Skip to main content

Using MarkLogic Content Pump (mlcp)

When to Consider Using Direct Access

Direct Access enables you to extract documents directly from an offline or read-only forest without going through MarkLogic Server. A forest is the internal representation of a collection of documents in a MarkLogic database; for details, see Understanding Forests in Administrating MarkLogic Server. A database can span multiple forests on multiple hosts.

Direct Access is primarily intended for accessing archived data that is part of a tiered storage deployment; for details, see Tiered Storage in Administrating MarkLogic Server. You should only use Direct Access on a forest that is offline or read-only; for details, see Limitations of Direct Access.

For example, if you have data that ages out over time such that you need to retain it, but you do not need to have it available for real time queries through MarkLogic Server, you can archive the data by taking the containing forests offline, but still access the contents using Direct Access.

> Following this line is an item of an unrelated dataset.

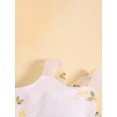 thumbnail image 4 of Honganda Barboteuse Robe pour Bébé Fille, Sans Manches Broderie Fleur Patchwork Body Vêtements d'Été, 4 of 9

Use Direct Access with mlcp to access documents in offline and read-only forests in the following ways:

  • The mlcp extract command to extracts archived documents from a database as flat files. This operation is similar to exporting documents from a database to files, but it does not require a source MarkLogic Server instance. For details, see Choosing between Export and Extract.

  • The mlcp import command with -input_file_type forest imports archived documents as to another database as live documents. A destination MarkLogic Server instance is required, but no source instance.

Since Direct Access bypasses the active data management performed by MarkLogic Server, you should not use it on forests receiving document updates. Additional restrictions apply. For details, see Limitations of Direct Access.